Republicans had the opportunity to strike Obamacare down, but they didn't. THANK YOU JOHN MCAIN!
SCOTUS now looks at this, and they're like, "Uhhh... why are you GOP dudes here asking us to do something, when you had the opportunity and didn't."
The. End.
Roberts and Kavanaugh seem OK with keeping most of the law intact
Simply put, Chief Justice John Roberts
saved Obamacare in 2012, famously (or infamously, depending on your point of view) calling the mandate to buy health insurance a tax. Trump and the GOP-controlled Congress zeroed out that penalty three years ago, giving Republicans -- including the Trump administration -- an opening to come back to court. If the tax is gone, they say, the logic for keeping the law is gone.
The biggest question is whether the court, should it agree with that logic, would kill the entire law or simply sever the mandate section.
You don't always get statements as direct as this one from Justice Brett Kavanaugh, Trump's second appointee to the bench: "I tend to agree with you on this very straightforward case for severability under our precedents, meaning that we would excise the mandate and leave the rest of the act in place reading our severability precedents," Kavanaugh told Don Verrilli, the attorney for the Democratic-led US House of Representatives, which is defending the law because the Trump administration won't.

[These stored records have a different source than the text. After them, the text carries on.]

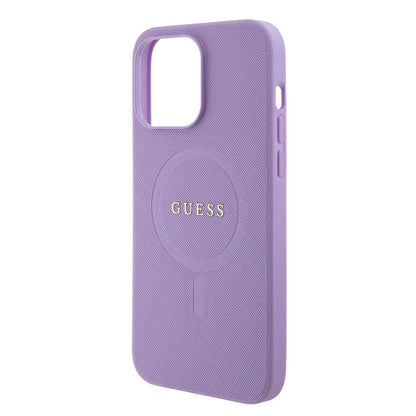 iPhone 15 Pro Max Kılıf Guess Orjinal Lisanslı M-safe Şarj Özellikli Yazı Logolu Saffiano Kapak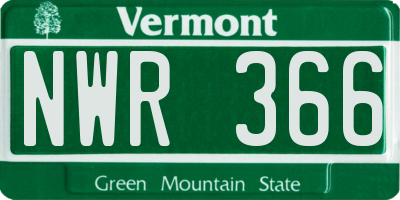 VT license plate NWR366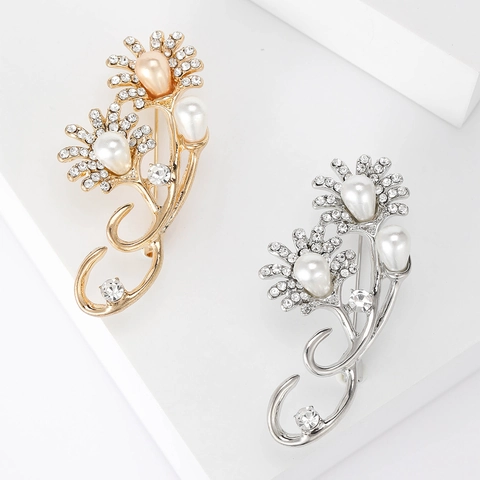 Elegante Broche de Girasol de Aleación para Mujer Con Diamante de Imitación y Perla Artificial Joyería de Moda Oro Plata Alfiler de Flor Regalo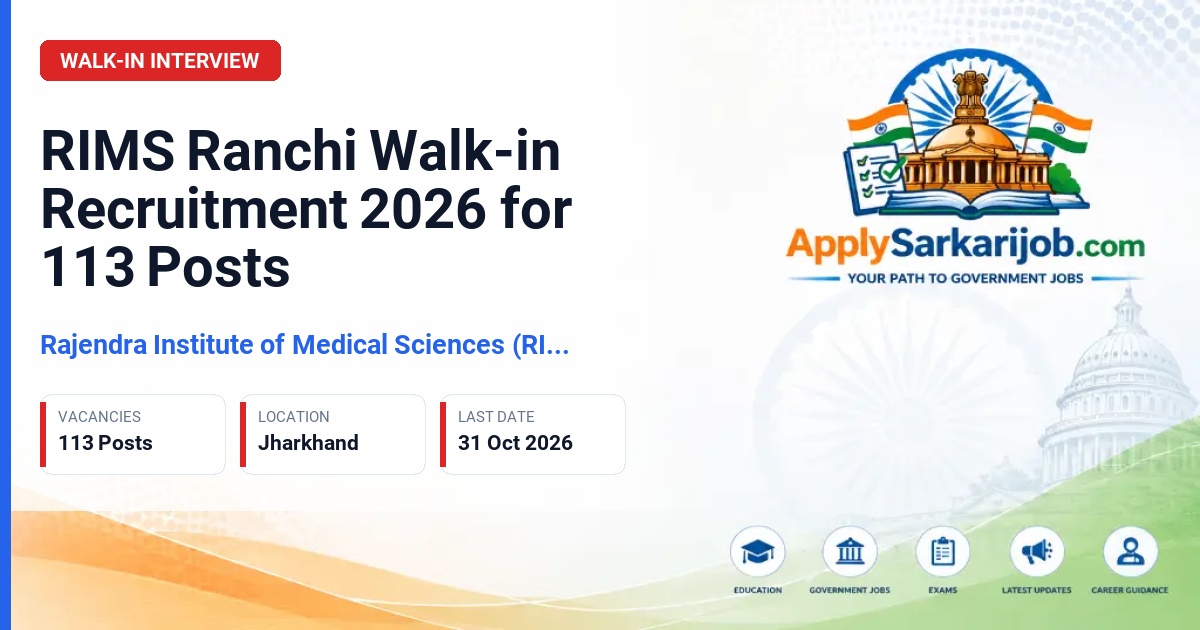 Rajendra Institute of Medical Sciences (RIMS), Ranchi - Ayushman Mitra, Floor Co-ordinator, Operational Manager–Health Insurance Official Notification Poster & Schedule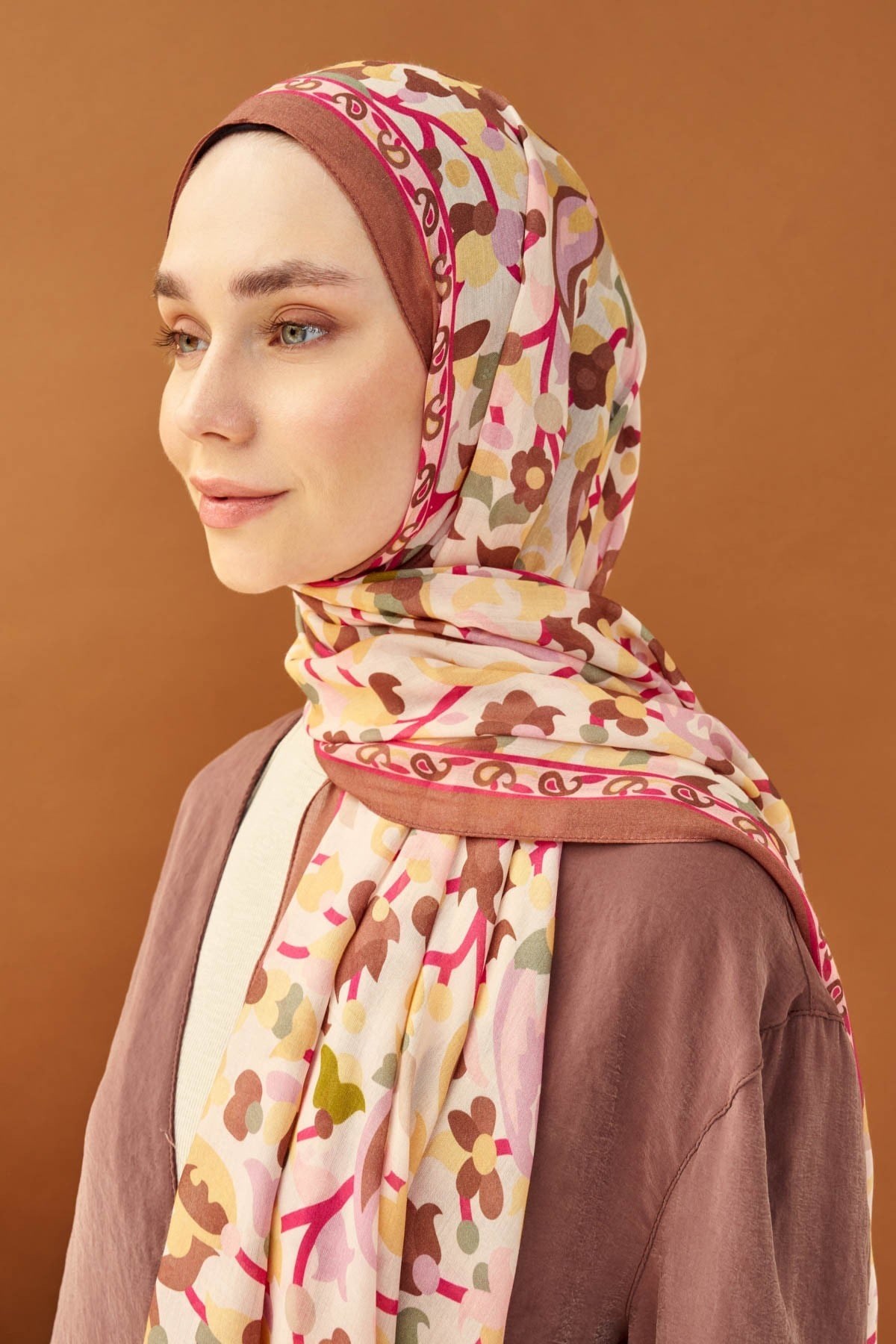 Riva Şal Tencel Botanical Floral Kahverengi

That would be the ballgame.
"Even if there are five votes to strike down a zero-penalty individual mandate, Kavanaugh has made clear he thinks that provision can be severed from the rest of the ACA (and we already know the chief feels that way)," said Steve Vladeck, a CNN legal analyst and University of Texas Law professor. "There is therefore no way to count to five votes to throw out the entire statute."